Food writer and Irish Food Writers Guild President, Georgina Campbell presenting Peter and Mary Ward with the Guild’s Lifetime Achievement Award.

Lifetime achievement award for Nenagh couple

Nenagh shopkeepers Peter and Mary Ward have been honoured for their roles in promoting Irish food, winning a Lifetime Achievement Award in a highly prestigious competition.

The proprietors of the Country Choice shop in Kenyon Street were chosen by Ireland’s top food writers for their Guild Food Awards for 2024, announced last week.

The Guild said Peter and Mary “have been passionate champions of local food since they opened Country Choice in 1982, selling the best and most natural ingredients they can source.”

Their highly popular shop, with its superb delicatessen and coffee bar, has won multiple awards over the past four decades and put Nenagh on the map as a food lover’s paradise.

Country Choice has for years been a prime visitor attraction because of its exquisite range of artisan foods and for the passion and warm welcome the owners extend to their customers.

In bestowing on them the Lifetime Achievement Award, the Irish Food Writers Guild said Peter and Mary are members of a diverse group that represent the very best of Ireland’s growing network of food and drink producers.

With just eight prestigious awards presented, the Nenagh couple were one of a select few who picked up a gong at an awards gala in Dublin last week.

“A country grocer,” was how American food writer Colman Andrews described Peter Ward in his James Beard Award-winning, ‘The Country Cooking of Ireland’, the Guild pointed out.

The Guild noted Peter’s many roles in promoting Irish food, and as someone who with Mary, has won many awards with Country Choice over the decades.

From their shop they did everything from serving pots of tea to customers to weighing out slabs of local cheddar. They had promoted Irish food all over the world, cooking for dignitaries in cities from Capetown and Alicante; addressing government panels on food regulation policies and distributing and selling the best of Irish and imported foods.

Co Meath native Peter was described as “a shopkeeper to his fingertips”, and was partnered by Nenagh native, Mary, both of whom were involved in the slow food movement for many years.

The Guild noted that “the couple have been passionate champions of local food since they opened Country Choice in 1982”.

It took time before small producers were properly acknowledged and celebrated, but the Wards could see the bounty that surrounded them in the farmlands around Nenagh, the award organisers said.

It was at agriculture shows that Peter and Mary discovered people to supply foods to their the award winning shop. “If you went to these shows, you could get an endless supply of ducks, geese, Madeira cakes, apple tarts, jam, tomatoes and Beauty of Bath apples. That was the bedrock of our business at the time,” Peter once recalled.

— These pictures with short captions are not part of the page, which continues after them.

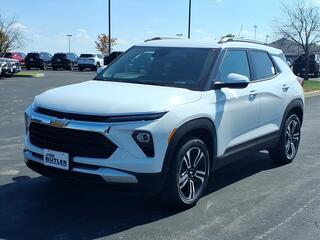 2026 Chevrolet Trailblazer for sale in Fenton MO
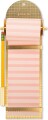 Kikkerland - Inkerie Magnetic Note Roller - 105 X 265 X 5 Cm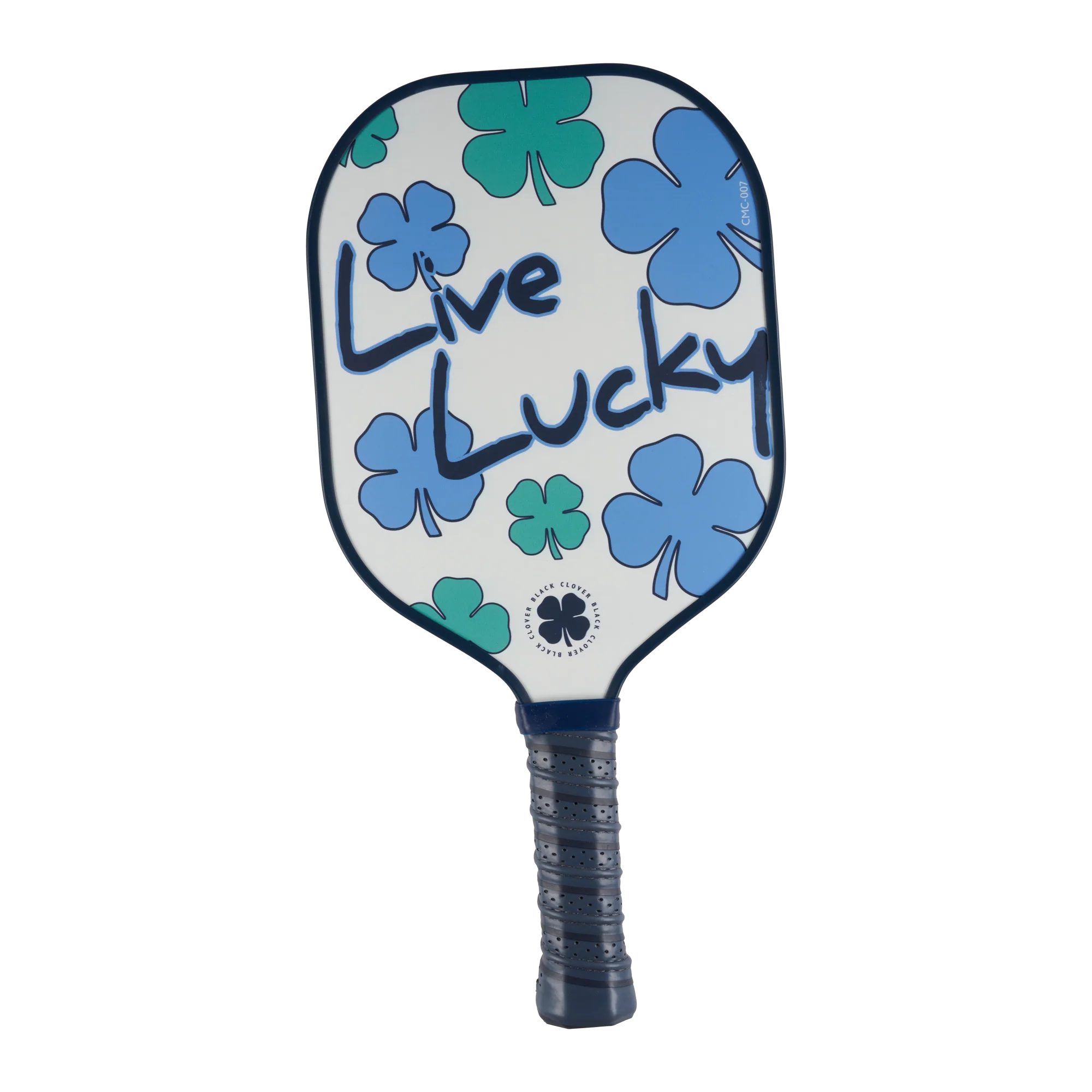 Live Lucky "Coastal Crush" Pickleball Paddle 1 Live Lucky "Coastal Crush" Pickleball Paddle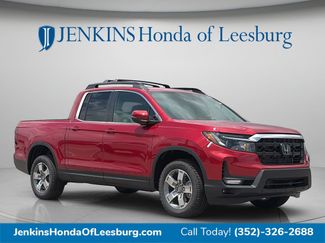 New 2026 Honda Ridgeline RTL video 1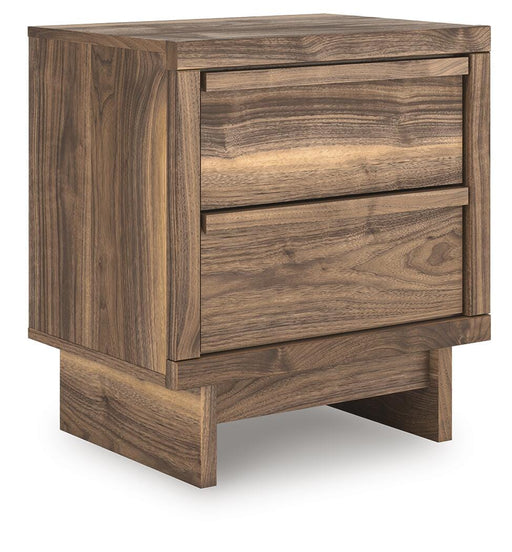 Chirason Nightstand - Pierce Furniture Gallery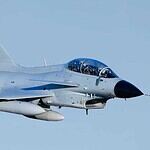 14. Chengdu J-10C Vigorous Dragon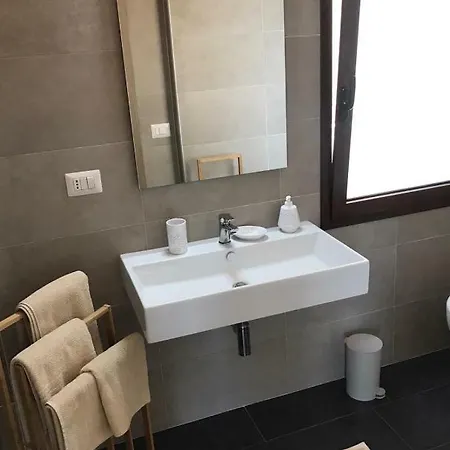 Safran Guest house 3*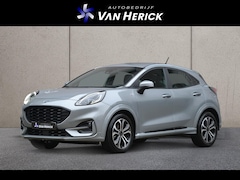 Ford Puma - 1.0 EcoBoost Hybrid ST-Line | Navigatie | LED Koplampen | DAB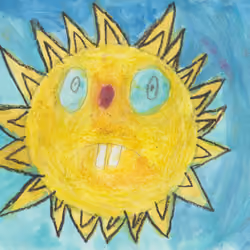 Sun 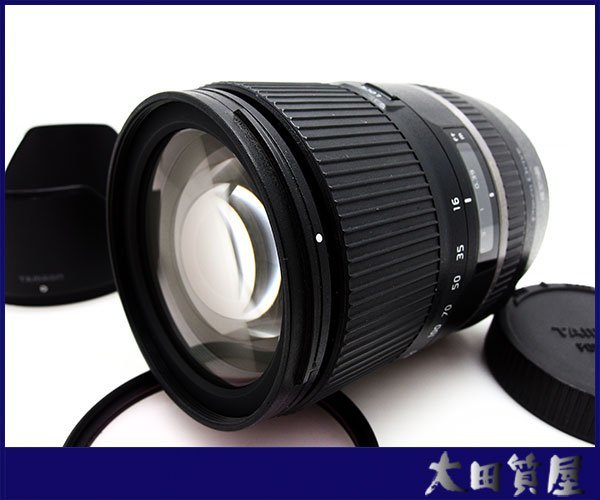 Yahoo!オークション -「tamron 16-300mm f3.5-6.3 di ii vc pzd」の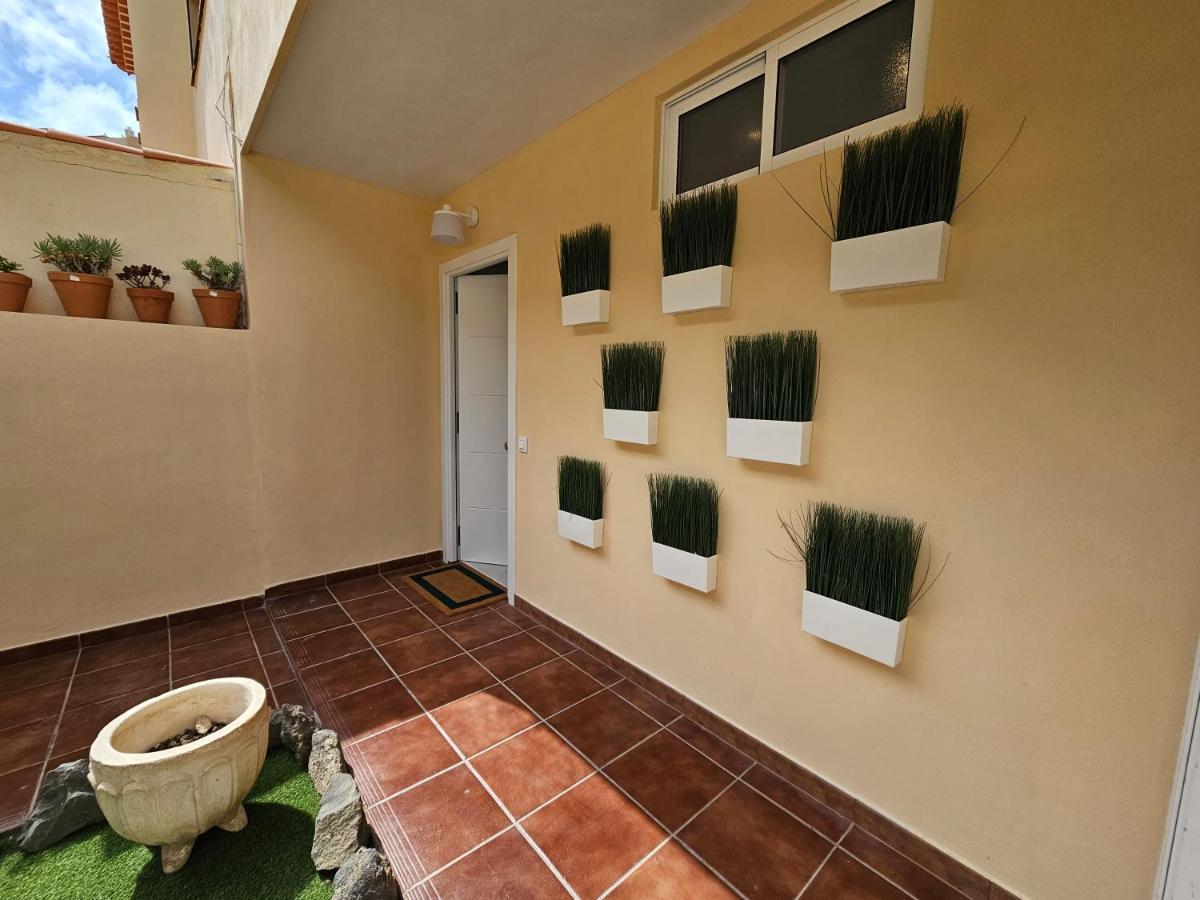 New Holiday Home Beautiful Sea View With Aircon, Costa Adeje Costa Adeje  Zewnętrze zdjęcie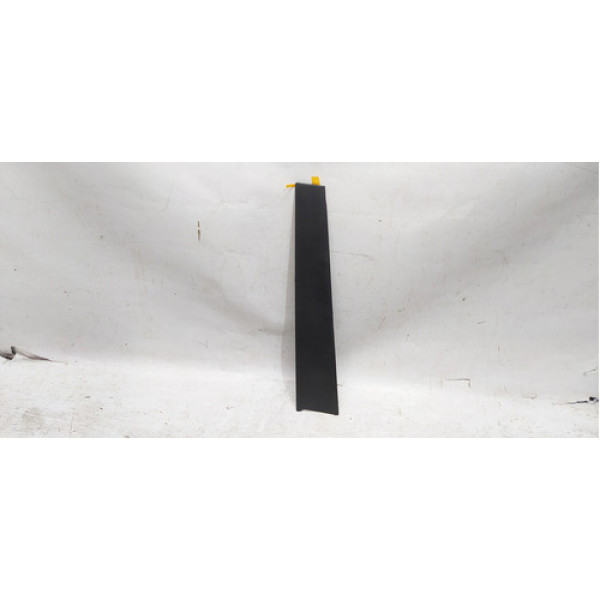 Moldura Porta Dianteira Direita Yaris 2018 2019 2020 Gp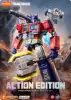 Imagen de **PREVENTA**Blokees | Transformers Action Edition 07 Optimus Prime (Ver.EVO)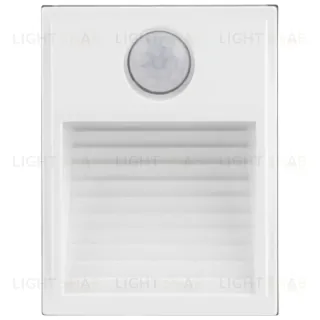Встраиваемый светодиодный светильник Denkirs Sensor DK1020-WH DK1020-WH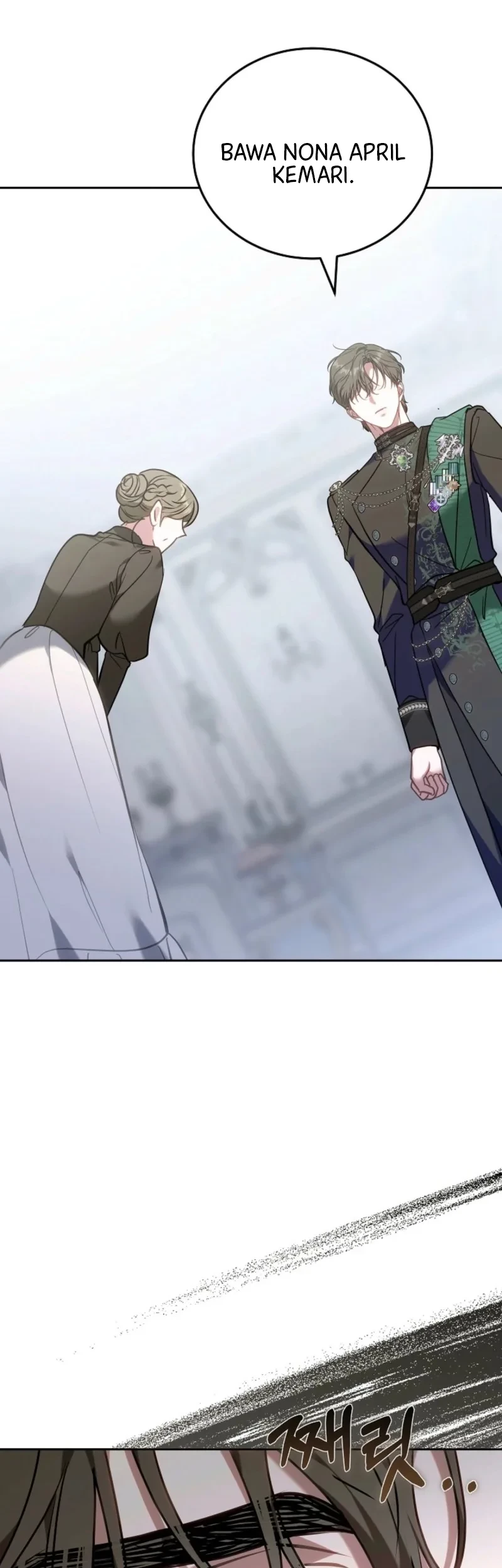 Though I’m a Homebody, I Found Myself in a Dark Captive Genre Chapter 15 - halaman 10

The Guild noted that Peter was one of the great communicators of Irish food, making the most of every platform available, be it stage, radio, television or his popular social media posts doing tastings with Mary.

The judges said the Nenagh couple never shied away from emphasising that everyone in their community has their own role to play to building a successful and distinctive Irish food sector, be it the butcher, the baker and the artisan. They had realised that cheap did not equal value.

Reacting to the win, Peter Ward declared: “We were bowled over to be selected for a Lifetime Achievement Award from the Guild of Irish Food Writers.”

He said the chair of the Guild, Caroline Hennessy had “penned a lovely citation that had both humbled and embarrassed us at the same time.”

Mr Ward said it was marvellous to receive such an award at a time when he and his wife  were “in the sunset years of a rollercoaster life in food and food production.”

“We were very grateful to have been selected by an eminent panel of great food writers.”

OTHER WINNERS

Other award winners included the Carlingford Oyster Company in Co Louth; Regan Organic Farm who produce organic chickens in Co Wexford; The Roll It Pastry company in Co Meath; Valentia Island Vermount in County Kerry; Conor Spacey, FoodSpace, Co Dublin; Rare Ruminare, Co Sligo, and Cork Urban Soil Project in Co Cork.

Speaking at the gala event in Dublin, Caroline Hennessy, said the awards were a celebration to shine a light on the exemplars of the country’s thriving, world-class artisan food and drink industry.

The awards, now in their 31st year, spotlight excellence and distinguishable quality in Irish produce and its committed creators. Sustainability is a consistent thread and numerous family businesses have been recognised over three decades, not only for their excellent produce and practices, but also for the lasting and enduring legacy they are creating for current and future generations.